Nigeria, the largest economy in Africa, is actively pursuing membership in the BRICS group, aiming to assert itself as a significant player on the global economic stage, according to reports by Bloomberg.
Yusuf Tuggar, Nigeria’s Minister of Foreign Affairs, revealed the country’s ambition to join the BRICS club within the next two years. Tuggar emphasized Nigeria’s determination to engage with groups that have clear and constructive objectives.
“Nigeria has come of age to decide for itself who her partners should be and where they should be, being multiple aligned is in our best interest,” the minister stated.
“We need to belong to groups like BRICS, like the G-20 and all these other ones because if there’s a certain criterion, say the largest countries in terms of population and economy should belong, then why isn’t Nigeria part of it?” he added.
The BRICS group, originally comprising Brazil, Russia, India, China, and South Africa, aims to reshape the global economic order and increase its collective economic influence. The group seeks to challenge the longstanding dominance of the West in the world economy.
Recently, BRICS expanded by adding new members, including Saudi Arabia, Iran, Ethiopia, Egypt, Argentina, and the United Arab Emirates. The newly admitted countries would become full members from January 1, 2024, while 40 more countries are said to have registered their interests in joining the bloc.
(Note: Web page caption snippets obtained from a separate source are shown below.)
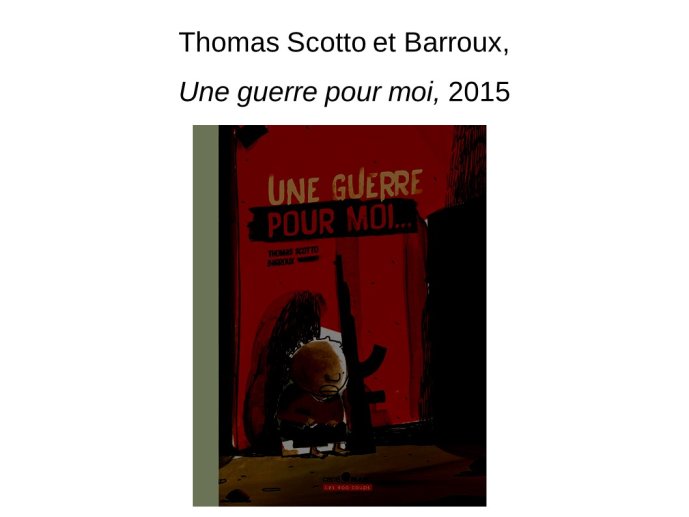 PPT Hamaide-Jager-Livres ensemble-03.JPG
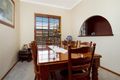 Property photo of 26 North Parade Blackalls Park NSW 2283
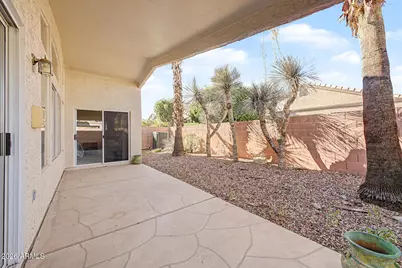 13940 W Paiute Trail, Surprise, AZ 85374 - Photo 29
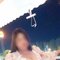 Kashish - escort in Mumbai Photo 3 of 6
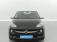 Opel Adam 1.4 Twinport 87 ch S/S Unlimited 3p 2018 photo-09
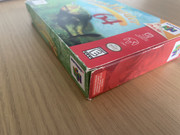 [Vds] Nintendo 64 vous n'en reviendrez pas! Ajout: Zelda OOT Collector's Edition PAL IMG-3290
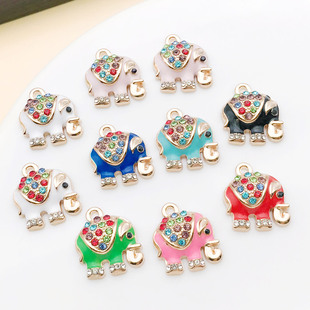 18x15.5mm���̈́����c荴����\�Ͻ�������DIY耳׿�����Ʒ���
Nigeria is now expressing its interest in joining this influential group, despite historical ties with the West.
Nigeria’s ties with the West led by the United States have spanned over 63 years, but this relationship in the opinions of many observers has not translated to any substantial benefits for the most populous country in Africa.
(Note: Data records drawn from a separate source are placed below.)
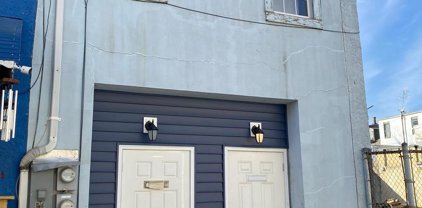 116 Carpenter St, Reading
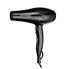 Hair dryer  8869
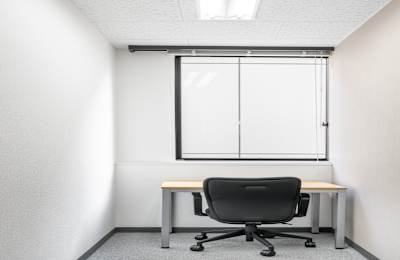 1-12-14 Jinnan, 6F/7F/8F Shibuya Miyata Bldg, 150-0041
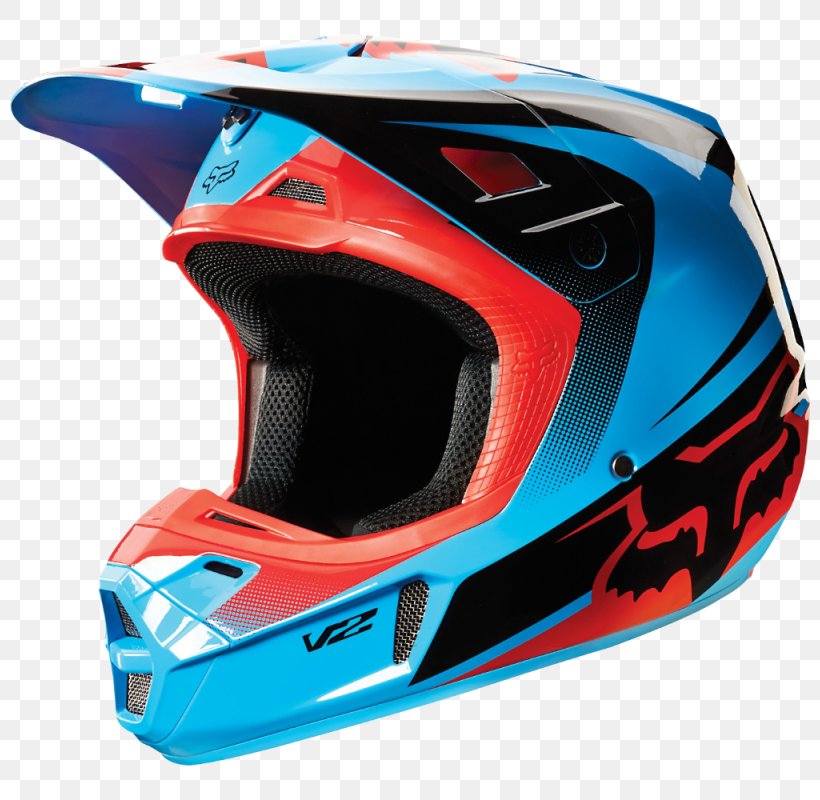 Motorcycle Helmets Racing Helmet Fox Racing, PNG, 800x800px, Motorcycle Helmets, Auto Racing, Bicycle Clothing, Bicycle Helmet, Bicycles Equipment And Supplies Download Free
It is against this background that many political scientists and economic analysts have called on Nigerian leaders to enlist the country in the forum’s membership to advance its economic interests.
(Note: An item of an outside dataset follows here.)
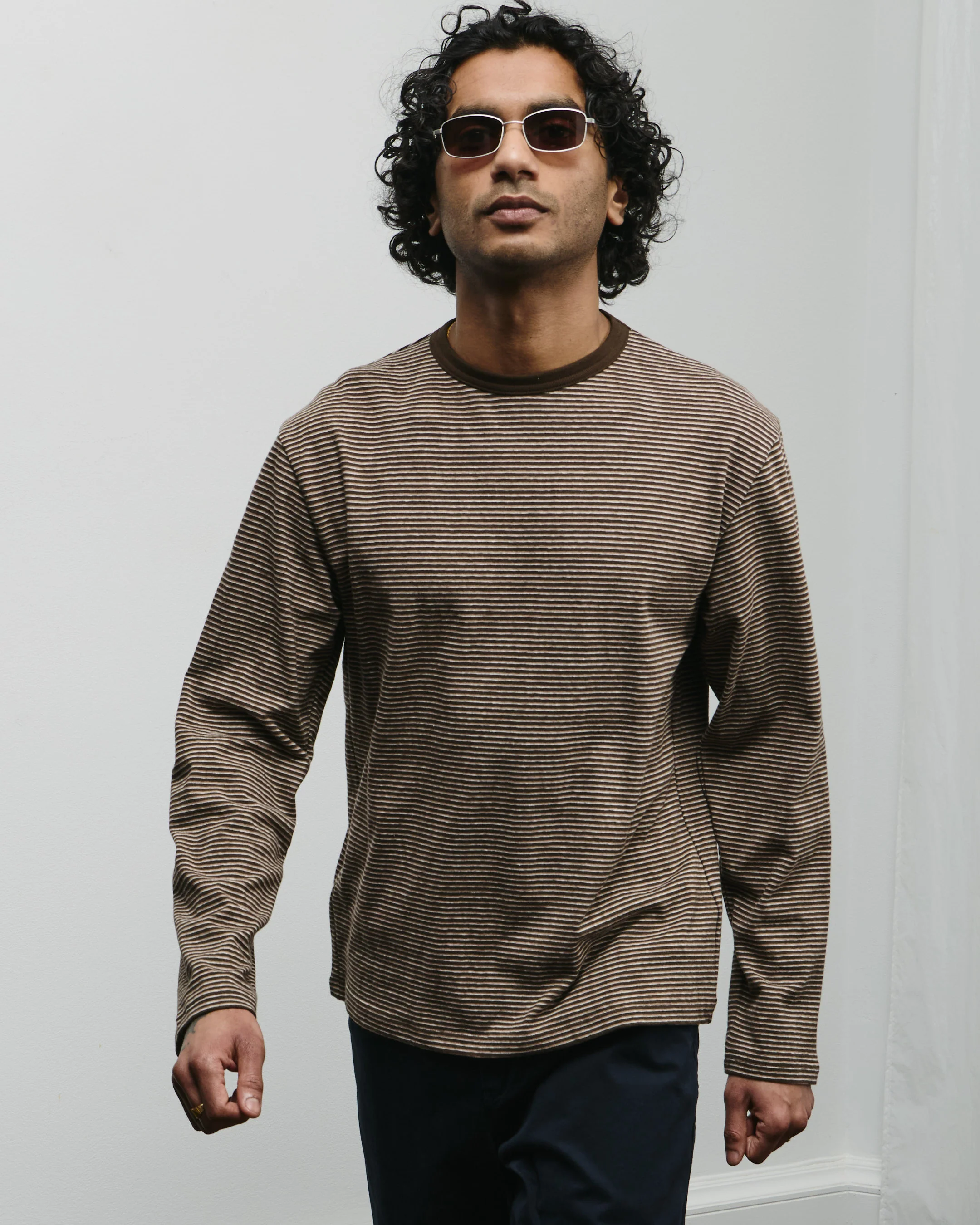 Another T-shirt 3.0 JPN - Image 4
However, contrary to the claim that Nigeria was rejected by the bloc, the Vice President, Kashim Shettima, who represented President Bola Tinubu at the bloc’s 15th summit in Johannesburg said Nigeria had not applied to join the economic bloc.
There is some debate about whether Nigeria has formally applied for BRICS membership in the past. While Vice President Kashim Shettima denied such claims, publicly available information suggests Nigeria has indeed expressed interest in joining BRICS.
The move to join BRICS signifies Nigeria’s strong desire to position itself as a major economic player in Africa and globally.
By seeking membership in this influential group, Nigeria aims to play a more prominent role in shaping international economic policies and challenging the traditional economic order dominated by Western nations.